WHAT TO PRODUCE: Begin at the line that holds "Artist PC Baumgraten, Fritz, on" and copy each line exactly until the data below ends, including that last line but no pictures.

RECORDED INFORMATION:
⁂

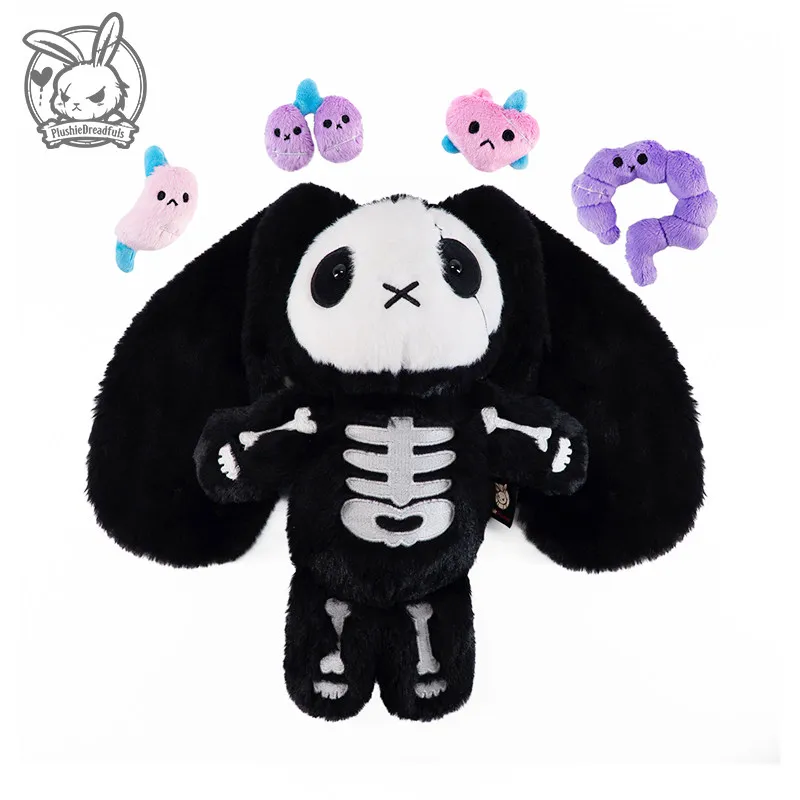 Plushie Dreadfuls Skeleton Bunny Plush Original Design Removable Organ Decor Soft Stuffed Toy Bag Charm Holiday Gift For Adult
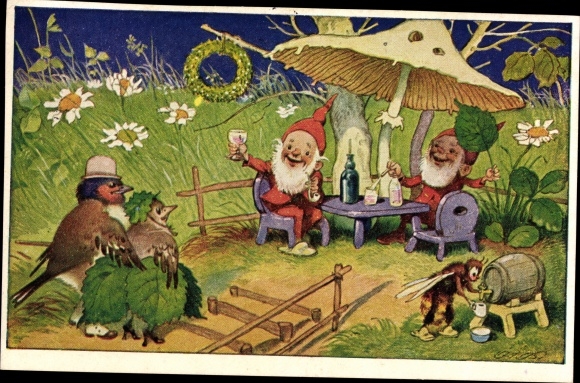 Artist PC Baumgraten, Fritz, on the honeymoon, pair of birds, dwarfs toast, bee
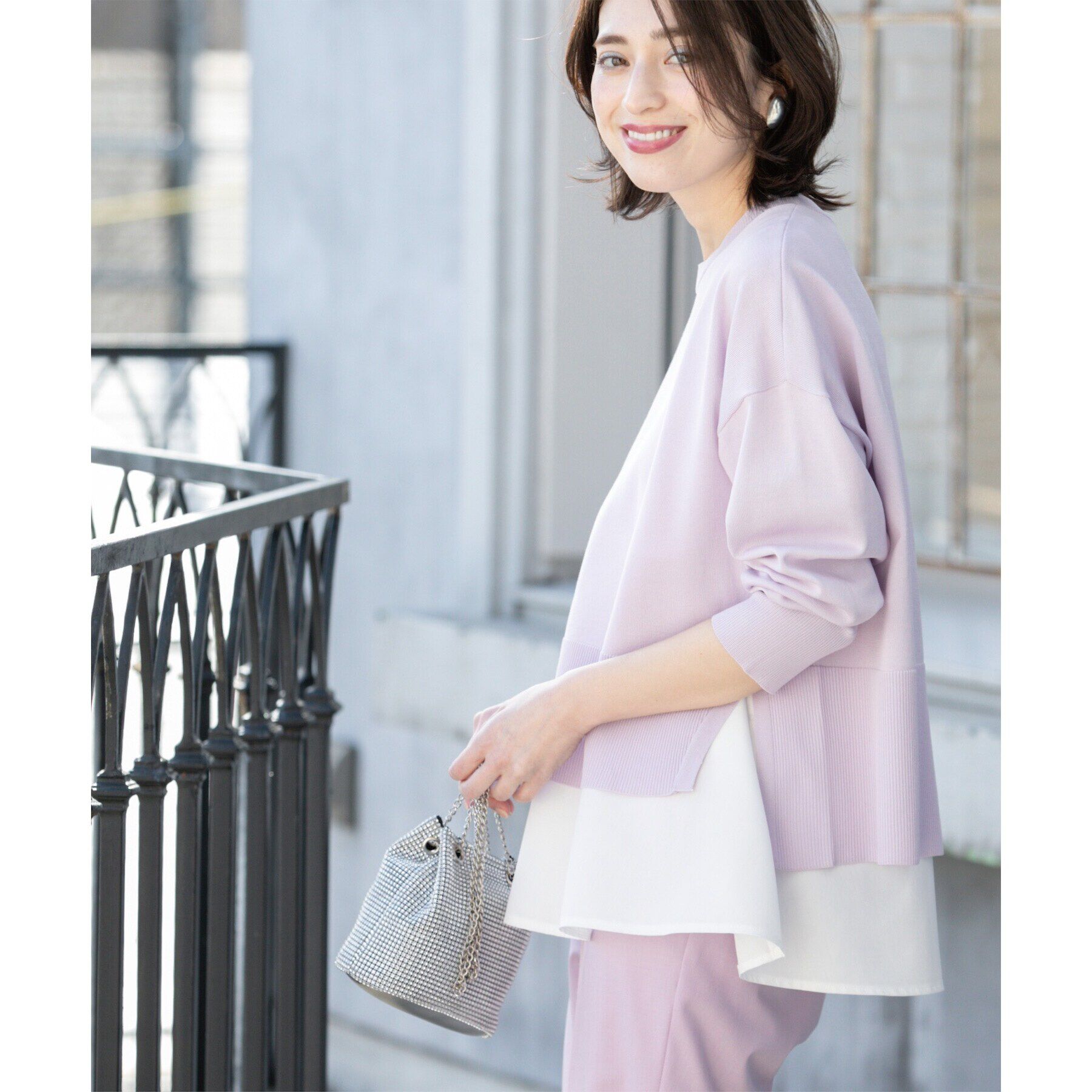 OPAQUE.CLIP「《ツインセット》ワイドニット&times;裾フレアタンクトップ【洗濯機洗い可/抗ピル】」|ニット・セーター|ラベンダー(080)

⁂

ANSWER SECTION:
 Artist PC Baumgraten, Fritz, on the honeymoon, pair of birds, dwarfs toast, bee
 OPAQUE.CLIP「《ツインセット》ワイドニット&times;裾フレアタンクトップ【洗濯機洗い可/抗ピル】」|ニット・セーター|ラベンダー(080)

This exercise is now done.